From: "Székelyi Szabolcs" <szekelyi@niif.hu>
To: ceph-devel@vger.kernel.org
Subject: Re: OSD doesn't start
Date: Fri, 06 Jul 2012 01:33:13 +0200 [thread overview]
Message-ID: <1680690.nczT3S6HBC@mranderson> (raw)
In-Reply-To: <95834053.QbLuzMQ4OG@mranderson>
On 2012. July 5. 16:12:42 Székelyi Szabolcs wrote:
> On 2012. July 4. 09:34:04 Gregory Farnum wrote:
> > Hrm, it looks like the OSD data directory got a little busted somehow.

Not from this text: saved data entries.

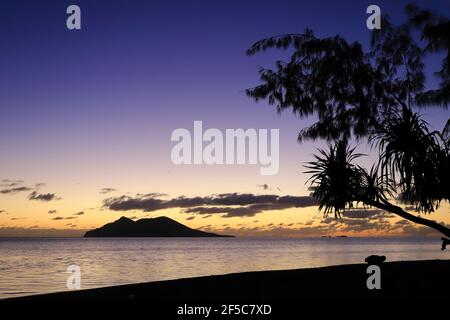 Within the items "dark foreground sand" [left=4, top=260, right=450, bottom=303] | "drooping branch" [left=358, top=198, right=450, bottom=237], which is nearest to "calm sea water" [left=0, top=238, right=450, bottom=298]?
"dark foreground sand" [left=4, top=260, right=450, bottom=303]

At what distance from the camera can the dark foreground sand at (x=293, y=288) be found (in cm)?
1415

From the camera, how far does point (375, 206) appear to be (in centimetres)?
1539

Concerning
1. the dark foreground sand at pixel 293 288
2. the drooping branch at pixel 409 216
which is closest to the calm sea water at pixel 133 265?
the dark foreground sand at pixel 293 288

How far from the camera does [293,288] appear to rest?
16234mm

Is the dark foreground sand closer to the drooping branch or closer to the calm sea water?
the drooping branch

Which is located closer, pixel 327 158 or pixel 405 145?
pixel 405 145

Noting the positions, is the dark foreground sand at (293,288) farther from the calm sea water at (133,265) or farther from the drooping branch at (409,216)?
the calm sea water at (133,265)

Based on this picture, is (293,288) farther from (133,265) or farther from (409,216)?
(133,265)

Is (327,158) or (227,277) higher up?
(327,158)

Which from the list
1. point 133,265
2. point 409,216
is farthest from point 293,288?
point 133,265

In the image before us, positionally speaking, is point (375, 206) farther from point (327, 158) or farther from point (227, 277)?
point (227, 277) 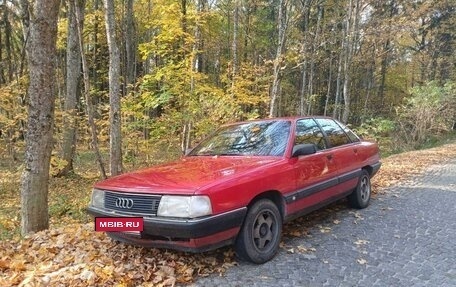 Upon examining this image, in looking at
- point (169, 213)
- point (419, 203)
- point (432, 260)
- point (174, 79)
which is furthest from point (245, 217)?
point (174, 79)

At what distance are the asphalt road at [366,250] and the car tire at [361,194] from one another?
4.9 inches

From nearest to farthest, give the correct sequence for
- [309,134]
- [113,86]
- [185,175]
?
[185,175], [309,134], [113,86]

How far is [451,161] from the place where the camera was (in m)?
13.1

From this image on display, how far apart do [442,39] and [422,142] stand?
15.1 metres

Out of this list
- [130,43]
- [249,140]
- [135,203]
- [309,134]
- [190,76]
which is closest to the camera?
[135,203]

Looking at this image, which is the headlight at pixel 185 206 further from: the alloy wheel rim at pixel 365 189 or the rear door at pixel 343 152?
the alloy wheel rim at pixel 365 189

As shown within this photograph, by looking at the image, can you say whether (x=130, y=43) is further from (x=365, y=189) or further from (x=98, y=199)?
(x=98, y=199)

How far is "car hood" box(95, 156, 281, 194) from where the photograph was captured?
142 inches

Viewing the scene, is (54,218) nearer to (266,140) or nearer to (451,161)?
(266,140)

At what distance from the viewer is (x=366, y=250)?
448cm

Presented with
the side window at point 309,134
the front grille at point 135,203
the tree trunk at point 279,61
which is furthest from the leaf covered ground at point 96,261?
the tree trunk at point 279,61

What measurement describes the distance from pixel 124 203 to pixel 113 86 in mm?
5956

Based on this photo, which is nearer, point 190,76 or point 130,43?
point 190,76

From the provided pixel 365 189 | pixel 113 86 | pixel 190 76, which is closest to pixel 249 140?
pixel 365 189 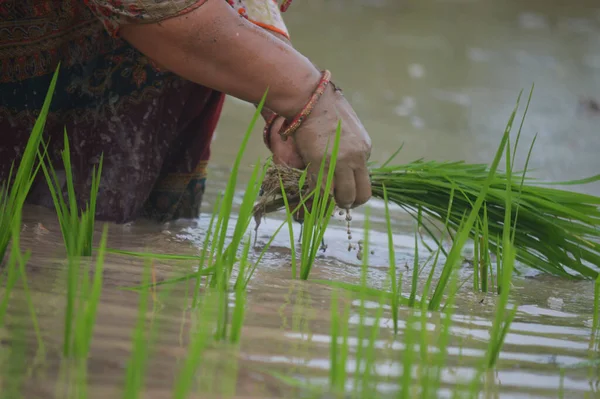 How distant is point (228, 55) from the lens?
5.27ft

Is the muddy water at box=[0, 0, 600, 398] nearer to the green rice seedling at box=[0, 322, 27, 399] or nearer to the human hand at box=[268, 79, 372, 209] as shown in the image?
the green rice seedling at box=[0, 322, 27, 399]

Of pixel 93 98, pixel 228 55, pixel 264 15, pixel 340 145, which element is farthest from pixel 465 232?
pixel 93 98

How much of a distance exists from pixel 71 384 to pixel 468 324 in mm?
687

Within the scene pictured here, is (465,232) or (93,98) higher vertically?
(93,98)

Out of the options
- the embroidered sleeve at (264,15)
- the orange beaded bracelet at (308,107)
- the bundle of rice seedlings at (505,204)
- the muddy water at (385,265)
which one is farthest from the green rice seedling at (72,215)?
the embroidered sleeve at (264,15)

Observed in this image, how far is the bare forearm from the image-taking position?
5.13 ft

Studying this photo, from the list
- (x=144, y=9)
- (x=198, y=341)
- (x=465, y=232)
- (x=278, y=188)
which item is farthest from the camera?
(x=278, y=188)

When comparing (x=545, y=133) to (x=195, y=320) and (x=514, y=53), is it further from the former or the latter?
(x=195, y=320)

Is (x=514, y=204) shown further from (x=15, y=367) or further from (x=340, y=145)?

How
> > did you perform your upgrade? (That is, how did you kill your daemons, in
> > what order, and when did you bring them back up.)
>
> Since it would be hard and long to describe in text, I've collected the
> relevant log entries, sorted by time at http://pastebin.com/Ev3M4DQ9 . The
> short story is that after seeing that the OSDs won't start, I tried to bring
> down the whole cluster and start it up from scratch. It didn't change
> anything, so I rebooted the two machines (running all three daemons), to
> see if it changes anything. It didn't and I gave up.
>
> My ceph config is available at http://pastebin.com/KKNjmiWM .
>
> Since this is my test cluster, I'm not very concerned about the data on it.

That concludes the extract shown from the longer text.